(GIVEN INFORMATION begins)

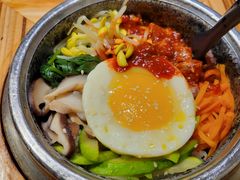 牛肉拌饭-明洞阿姨·韩式酱蟹烤肉·创意料理(三元桥店)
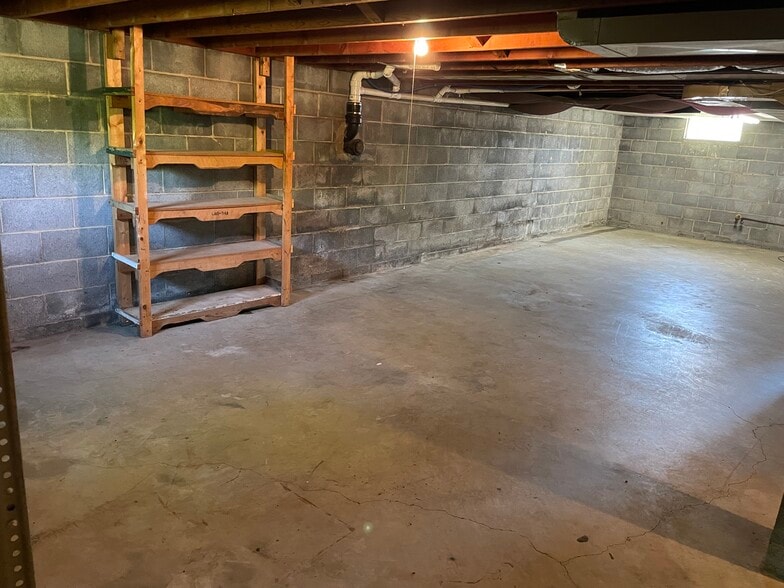 Building Photo - 218 Bufflick Rd
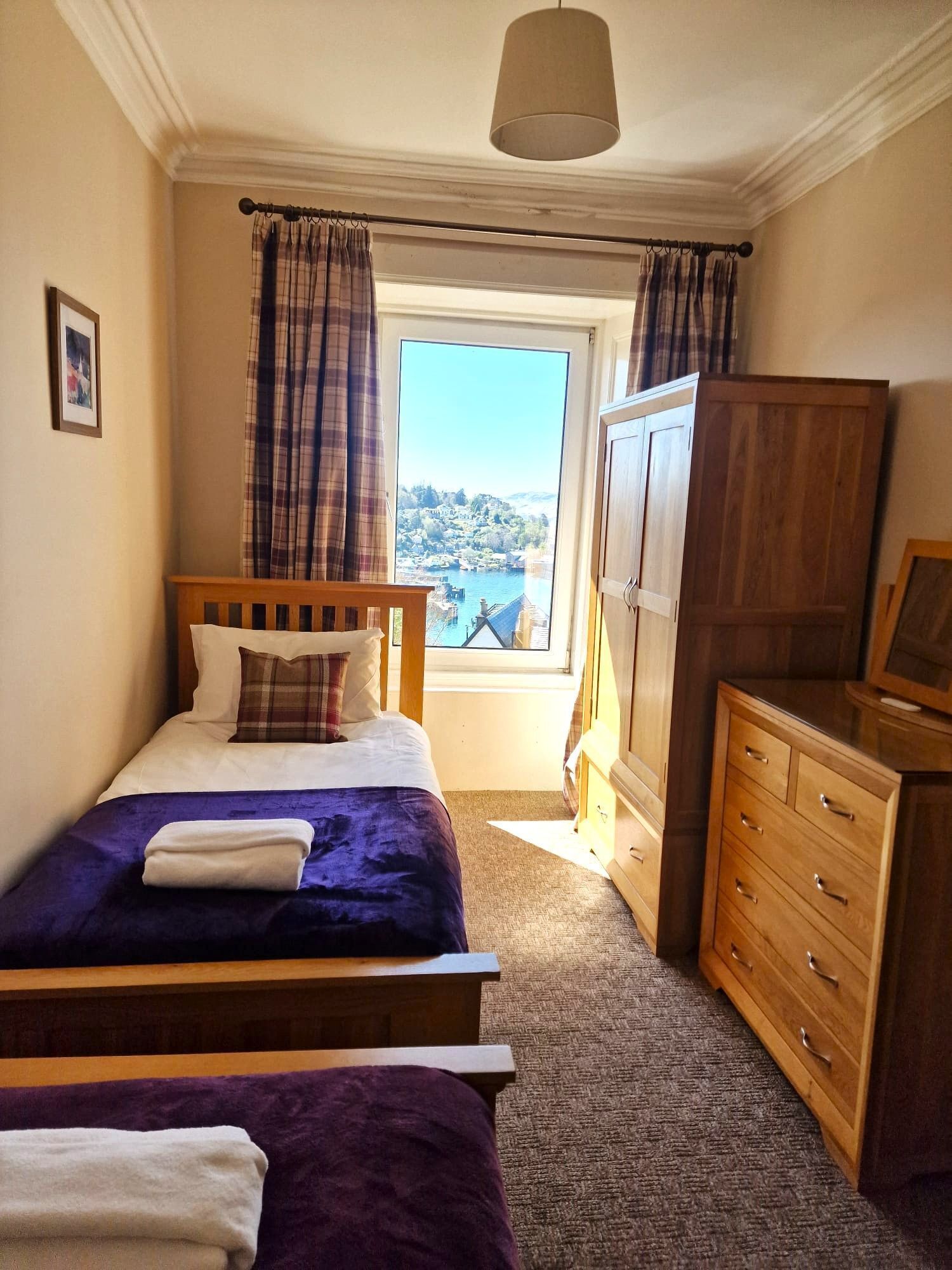 4 bedrooms, iron/ironing board, Internet, bed sheets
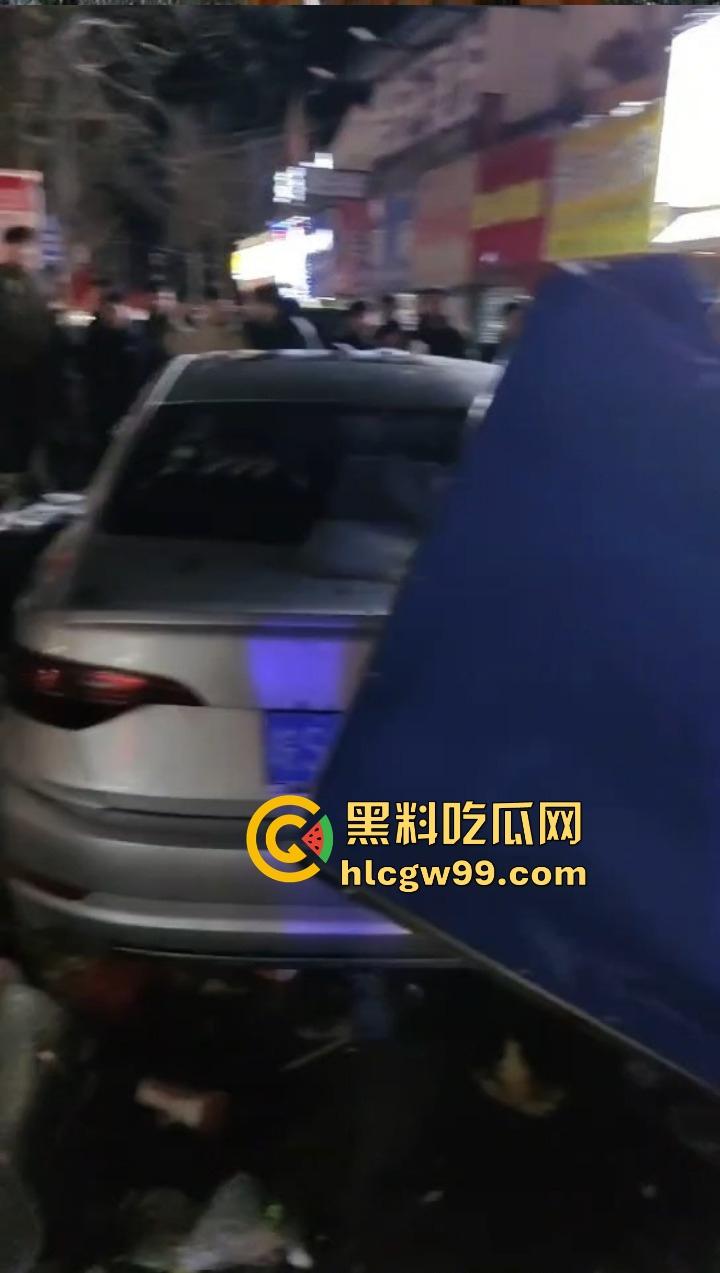 安徽亳州利辛县惊现马路杀神, 酒驾狠人凌晨狂飙,直接冲进小摊贩人群。孕妇当场被撞飞!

(GIVEN INFORMATION ends)

* **ASSIGNMENT**: From the first line to the last, retype the data above exactly, but not its images.

* **RESPONSE TO THIS EXERCISE**:
 牛肉拌饭-明洞阿姨·韩式酱蟹烤肉·创意料理(三元桥店)
 Building Photo - 218 Bufflick Rd
 4 bedrooms, iron/ironing board, Internet, bed sheets
 安徽亳州利辛县惊现马路杀神, 酒驾狠人凌晨狂飙,直接冲进小摊贩人群。孕妇当场被撞飞!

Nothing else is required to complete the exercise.